* The task
Leave out all pictures and retype exactly the lines from the one with "laundry area featuring" through the last line of the material.

* Given material

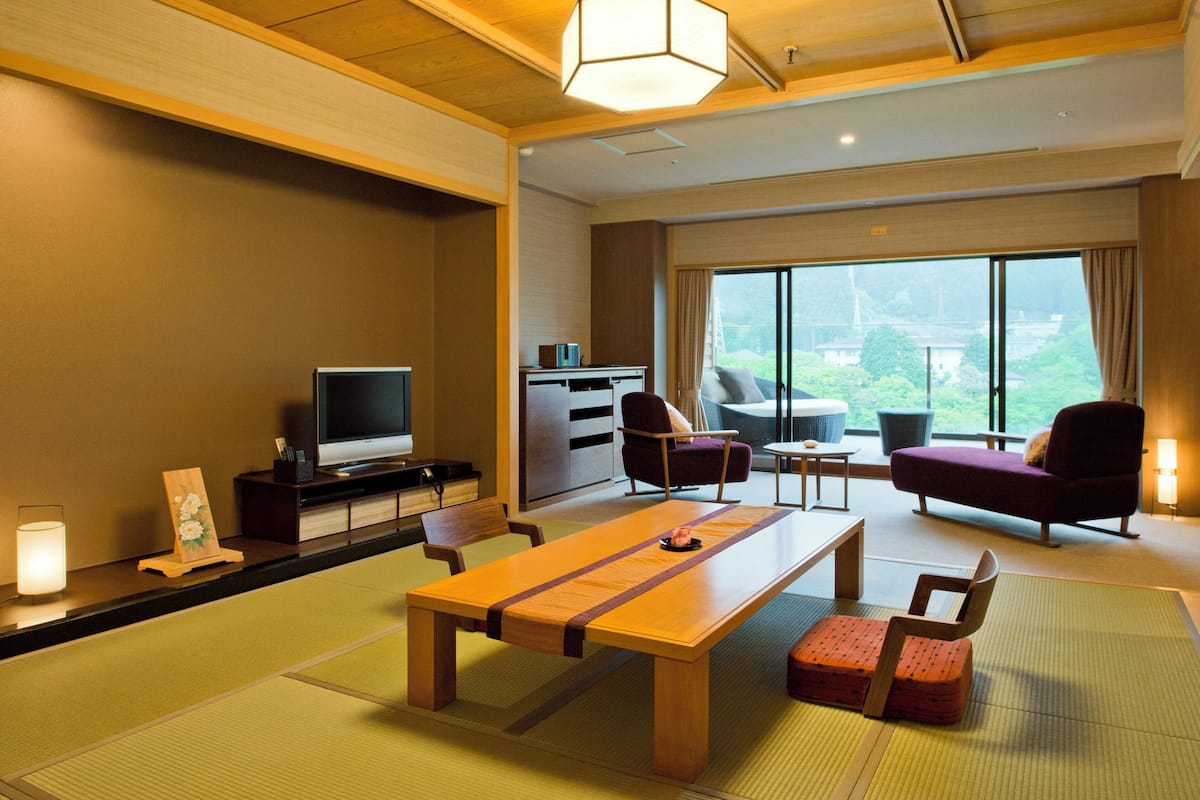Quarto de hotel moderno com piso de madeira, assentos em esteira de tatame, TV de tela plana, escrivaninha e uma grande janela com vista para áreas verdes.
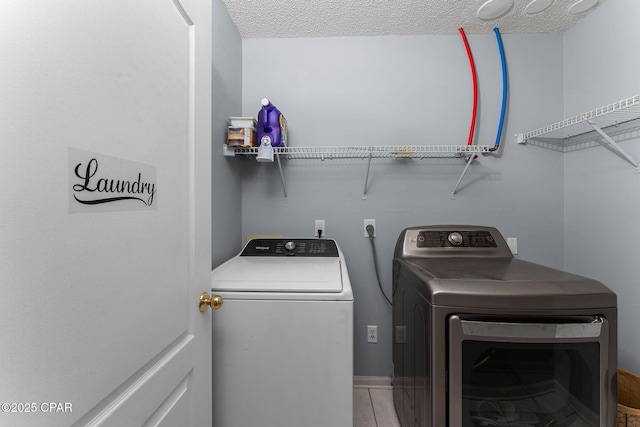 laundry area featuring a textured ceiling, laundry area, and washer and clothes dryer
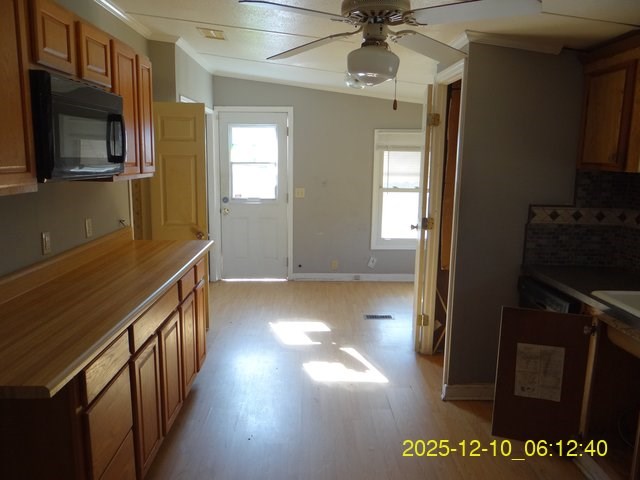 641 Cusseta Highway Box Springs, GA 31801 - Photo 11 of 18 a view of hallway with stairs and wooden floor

* Solution
 laundry area featuring a textured ceiling, laundry area, and washer and clothes dryer
 641 Cusseta Highway Box Springs, GA 31801 - Photo 11 of 18 a view of hallway with stairs and wooden floor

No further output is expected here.